All of the record evidence shows that the minor plaintiff was on defendants' premises as an invited guest and was therefore a licensee. Murrell v. Handley, 245 N.C. 559, 96 S.E.2d 717.

If the owner, while the licensee is upon the premises exercising due care for his own safety, is actively negligent in the management of his property or business, as a result of which the licensee is subjected to increased danger, the owner will be liable for injuries sustained as a result of such active or affirmative negligence. Hood v. Coach Company, 249 N.C. 534, 107 S.E.2d 154; Wagoner v. R. R., 238 N.C. 162, 77 S.E.2d 701. We think that a higher measure of care is required when a duty is owed to young children. In the case of Greer v. Lumber Co., 161 N.C. 144, 76 S.E. 725, this Court quoted with approval from Holmes v. R. R., 207 Mo. 149, 105 S.W. 624, the following:

". . . `But common experience tells us that a child may be too young and immature to observe the care necessary to his own preservation, and therefore, when a person comes in contact with such a child, if its youth and immaturity are obvious, he is chargeable with knowledge of that fact and he cannot indulge the presumption that the child will do what is necessary to avoid an impending danger. Therefore, one seeing such a child in such a position is guilty of negligence if he does not take into account the facts that it is a child, and regulate his own conduct accordingly. . .'"

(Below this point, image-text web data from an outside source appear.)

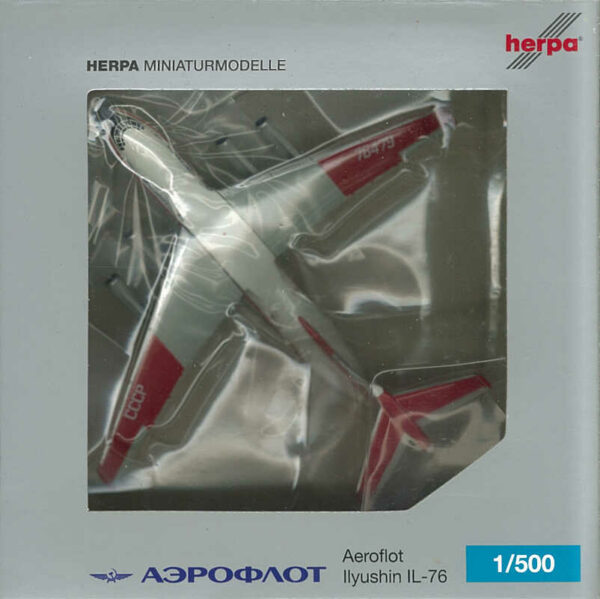 Ilyushin IL-76 Aeroflot CCCP-76479 Herpa 517409 1:500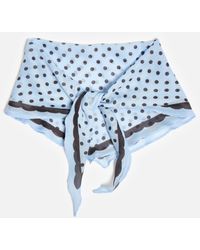 Oliver Bonas - & Brown Polka Dot Diamond Scarf - Lyst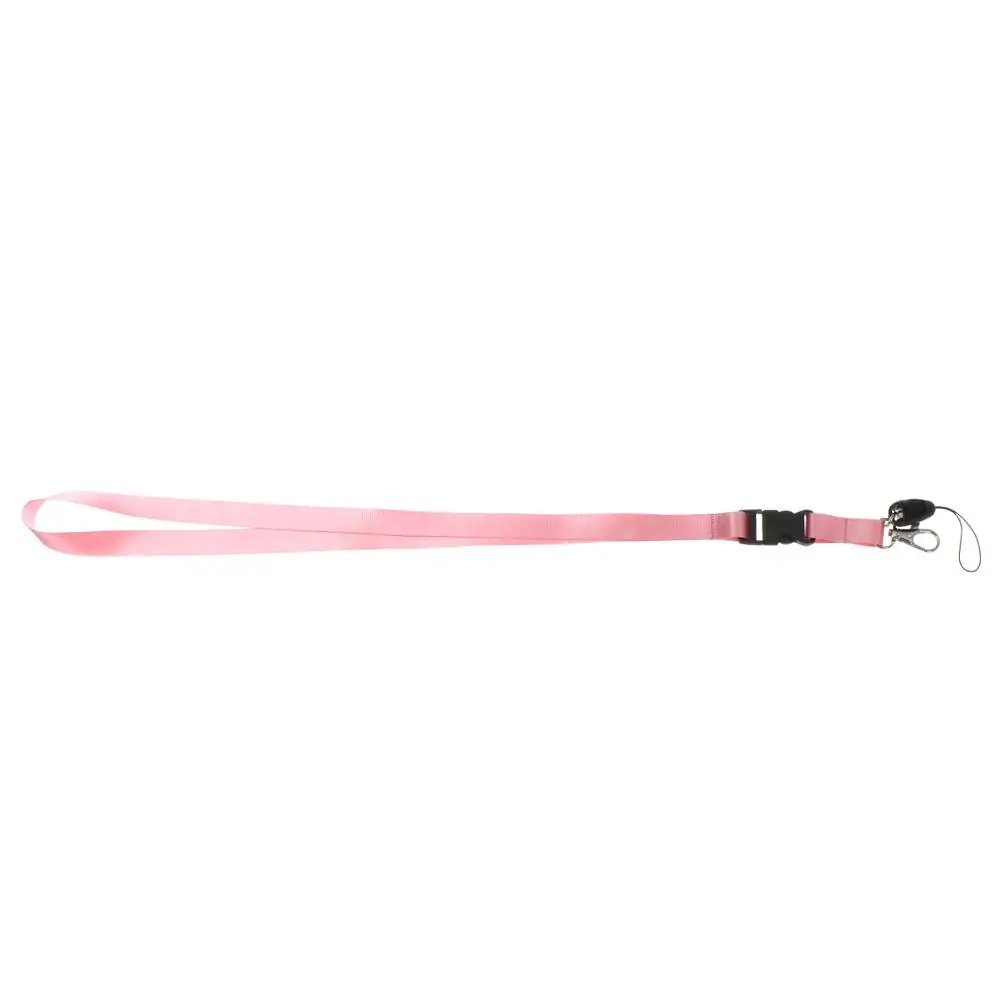 Pure Color Fashion ID Card Rope Keys Gym Holder Mobile Phone Lanyard Mobile Phone Straps Neck Strap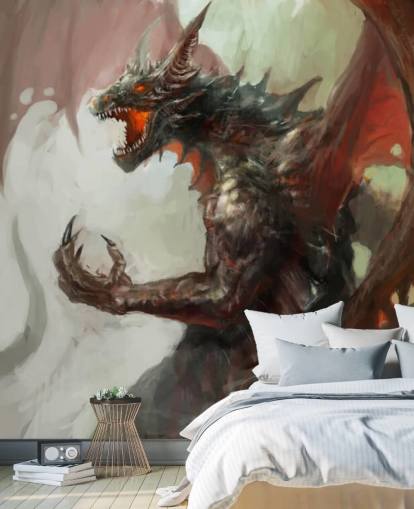 Fierce Red Dragon Wallpaper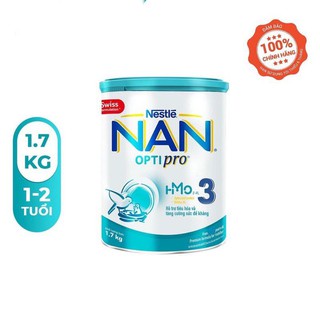 [date mới] Sữa Bột Nestle NAN OPTIPRO 3 HMO – Hộp 1.7KG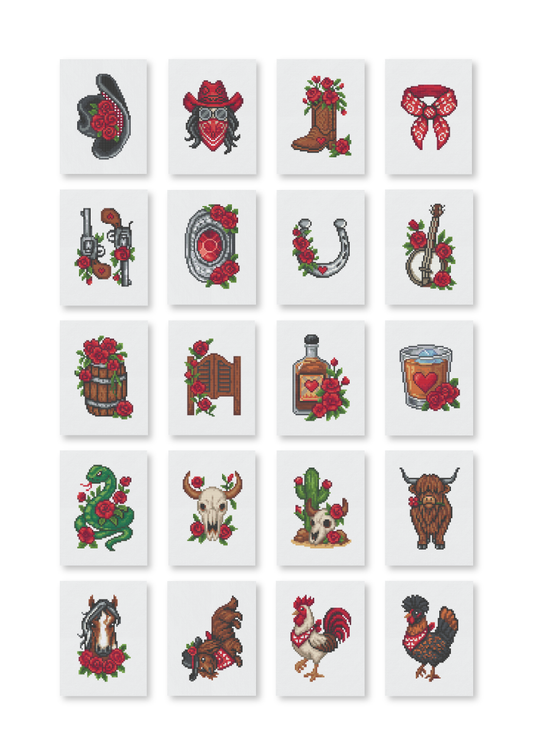 02 Blingkitybites Cowgirl Crush Collection Diamond Painting Kit - 6×8 in | 15.24× 20.32 cm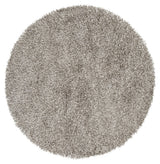 Chandra Zara ZAR-14515 Grey and Cream round rug, flat view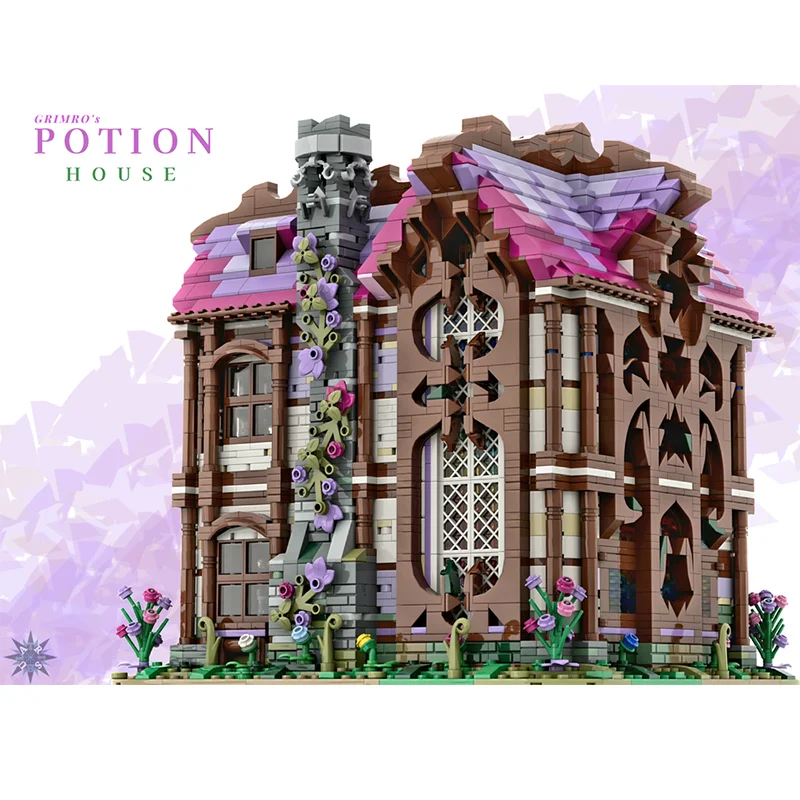 5926PCS Grimroese's potion House MOC ปราสาทอาคารบล็อกการศึกษา STEM ของเล่นของขวัญวันเกิดสําหรับชายหญิง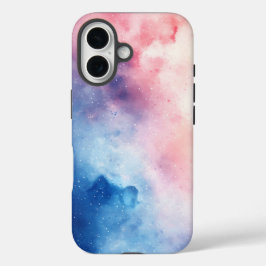Funda iPhone 16 Skies Pastel - Estuche de teléfono acuático artíst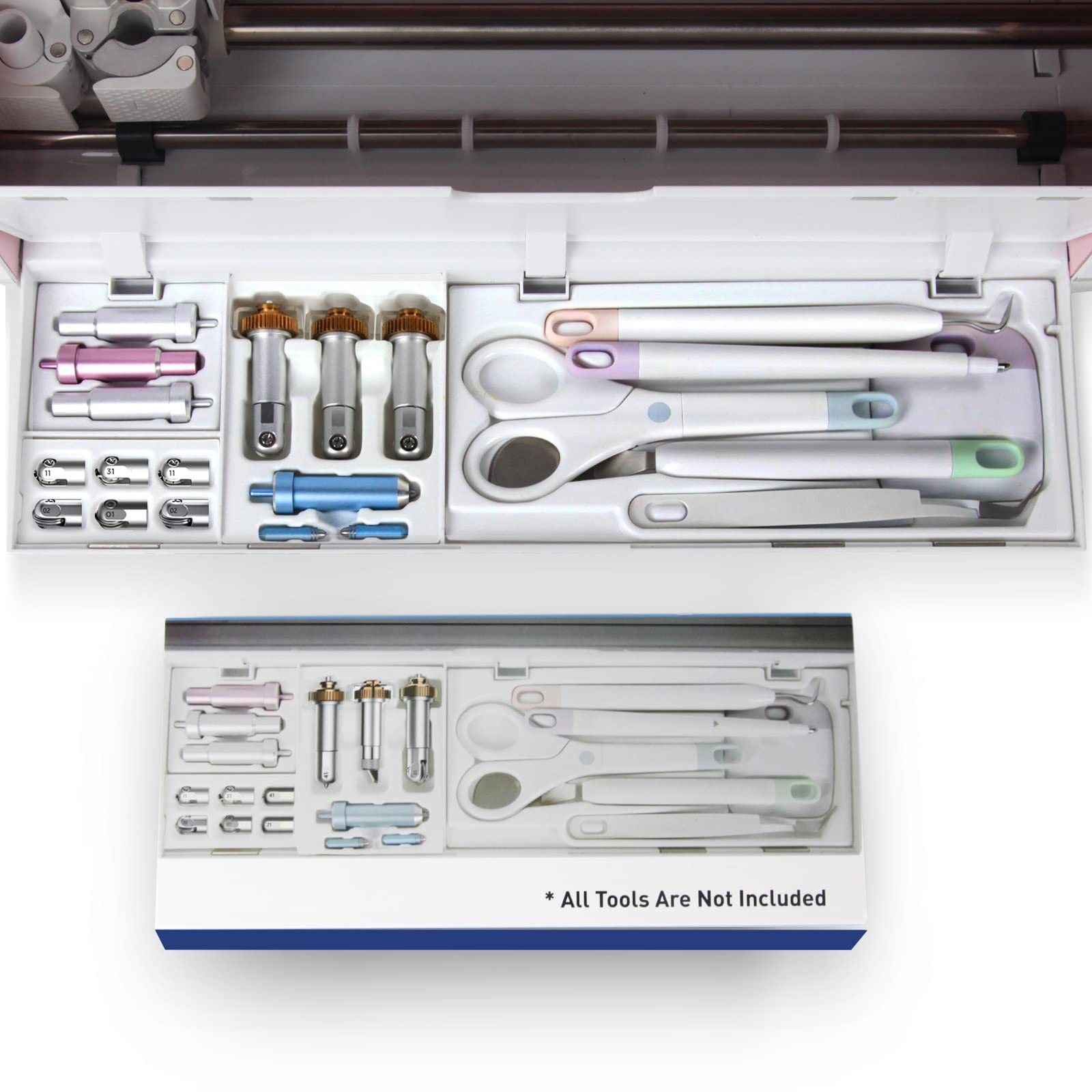 Tiga Tools Organizer Insert for Cricut Maker & Maker 3 - Premium Blade Storage Drawer & Cutting Tool Caddy | Perfect for Crafting, Scrapbooking & DIY Projects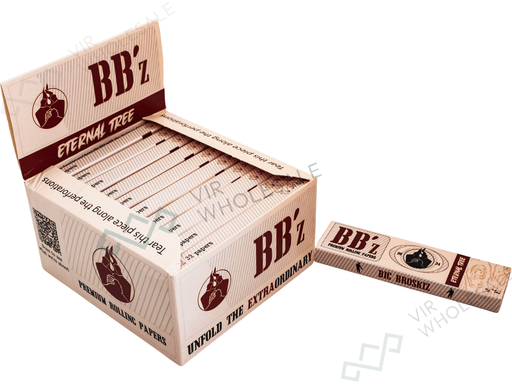 Big Broskiz Eternal Tree King Size Rolling Papers & Tips Full Box of 22 Packs | 32 Papers + 30 Tips Per Pack - VIR Wholesale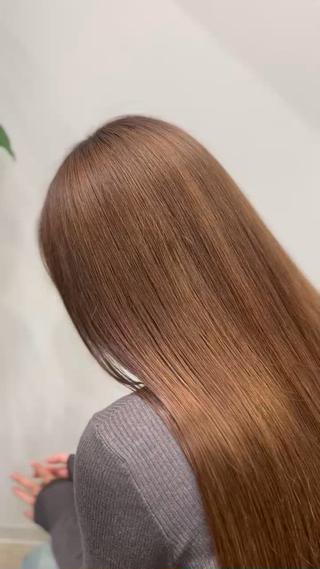 ロング カラー JIN/暖色カラー /髪質改善/艶髪のヘアスタイル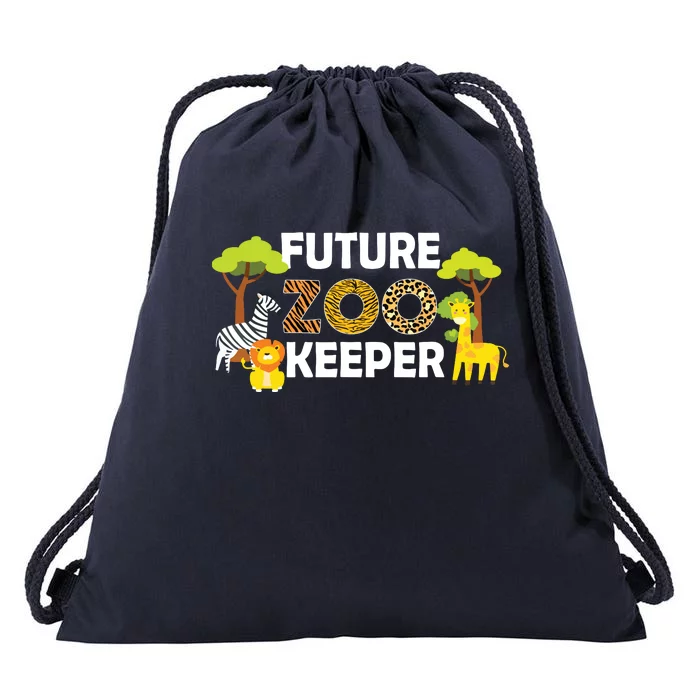 Future Zoo Keeper Safari Trip Zoo Keeper Adventure Wildlife Drawstring Bag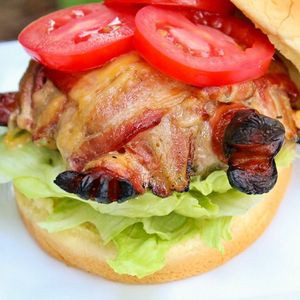 Burger Bbq Con Tocino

See also, 57 Am.Jur.2d Negligence, § 124

Ordinarily a parent is not liable for the torts of his minor child. Griffin v. Pancoast, 257 N.C. 52, 125 S.E.2d 310; Langford v. Shu, 258 N.C. 135, 128 S.E.2d 210. However, the parent may be liable if a tort is committed while the minor child is acting as the servant or agent of the parent and the negligent act was the proximate cause of an injury to another. Johnson v. Lamb, 273 N.C. 701, 161 S.E.2d 131; Hawes v. Haynes, 219 N.C. 535, 14 S.E.2d 503; Linville v. Nissen, 162 N.C. 95, 77 S.E. 1096. And a parent may be liable because of his independent negligence if he permits his child to possess a dangerous instrumentality which causes injury to another. Smith v. Simpson, 260 N.C. 601, 133 S.E.2d 474; Lane v. Chatham, 251 N.C. 400, 111 S.E.2d 598; Bowen v. Mewborn, 218 N.C. 423, 11 S.E.2d 372. Likewise, when a parent entrusts to an immature child an instrumentality, such as an automobile, which is not inherently dangerous but which becomes dangerous because of the child's immaturity or lack of judgment, the parent may incur liability for injuries or damages to others resulting from the use of the instrumentality by the child. In both of the latter instances, liability arises from the parents' independent negligence and not from the imputed negligence of the child. The test of responsibility in all of these types of cases, as in all negligence actions, is whether an injurious result could have been foreseen by a person of ordinary prudence. Linville v. Nissen, supra; 57 Am.Jur.2d, Negligence, §§ 110 and 118.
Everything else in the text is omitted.